Record extracts —
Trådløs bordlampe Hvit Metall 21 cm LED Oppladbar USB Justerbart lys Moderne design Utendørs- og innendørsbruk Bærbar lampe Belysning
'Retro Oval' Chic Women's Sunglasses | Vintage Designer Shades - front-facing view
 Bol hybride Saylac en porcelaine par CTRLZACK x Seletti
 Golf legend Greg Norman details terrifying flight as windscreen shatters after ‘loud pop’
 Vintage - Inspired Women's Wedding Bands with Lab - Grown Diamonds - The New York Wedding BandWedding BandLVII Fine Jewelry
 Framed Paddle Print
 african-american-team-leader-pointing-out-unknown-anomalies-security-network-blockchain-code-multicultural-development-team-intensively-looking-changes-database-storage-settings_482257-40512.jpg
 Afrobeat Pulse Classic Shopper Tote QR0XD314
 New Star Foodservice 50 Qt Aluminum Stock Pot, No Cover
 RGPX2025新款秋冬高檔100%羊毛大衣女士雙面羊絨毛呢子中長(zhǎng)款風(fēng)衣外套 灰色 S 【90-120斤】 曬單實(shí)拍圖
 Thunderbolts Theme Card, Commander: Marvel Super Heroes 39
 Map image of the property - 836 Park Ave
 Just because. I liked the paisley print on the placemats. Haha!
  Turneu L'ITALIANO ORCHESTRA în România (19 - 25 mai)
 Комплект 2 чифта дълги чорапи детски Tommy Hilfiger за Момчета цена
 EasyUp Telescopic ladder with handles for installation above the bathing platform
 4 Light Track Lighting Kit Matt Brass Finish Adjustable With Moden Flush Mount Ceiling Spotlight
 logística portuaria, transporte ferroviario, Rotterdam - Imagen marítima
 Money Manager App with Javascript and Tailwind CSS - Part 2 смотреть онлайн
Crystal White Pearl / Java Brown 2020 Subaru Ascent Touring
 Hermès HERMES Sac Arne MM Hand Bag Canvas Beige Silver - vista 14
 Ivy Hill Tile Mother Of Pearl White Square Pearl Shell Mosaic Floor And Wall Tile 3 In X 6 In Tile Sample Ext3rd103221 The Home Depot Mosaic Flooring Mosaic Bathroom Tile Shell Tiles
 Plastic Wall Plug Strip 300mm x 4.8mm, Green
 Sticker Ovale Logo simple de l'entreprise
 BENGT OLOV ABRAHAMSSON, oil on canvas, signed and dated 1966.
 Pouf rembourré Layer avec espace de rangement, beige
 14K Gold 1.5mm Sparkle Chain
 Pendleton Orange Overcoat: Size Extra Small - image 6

Task to complete — Filter the listing above so that only lines holding the word "Pearl" remain, and report those lines.

Written reply —
Crystal White Pearl / Java Brown 2020 Subaru Ascent Touring
 Ivy Hill Tile Mother Of Pearl White Square Pearl Shell Mosaic Floor And Wall Tile 3 In X 6 In Tile Sample Ext3rd103221 The Home Depot Mosaic Flooring Mosaic Bathroom Tile Shell Tiles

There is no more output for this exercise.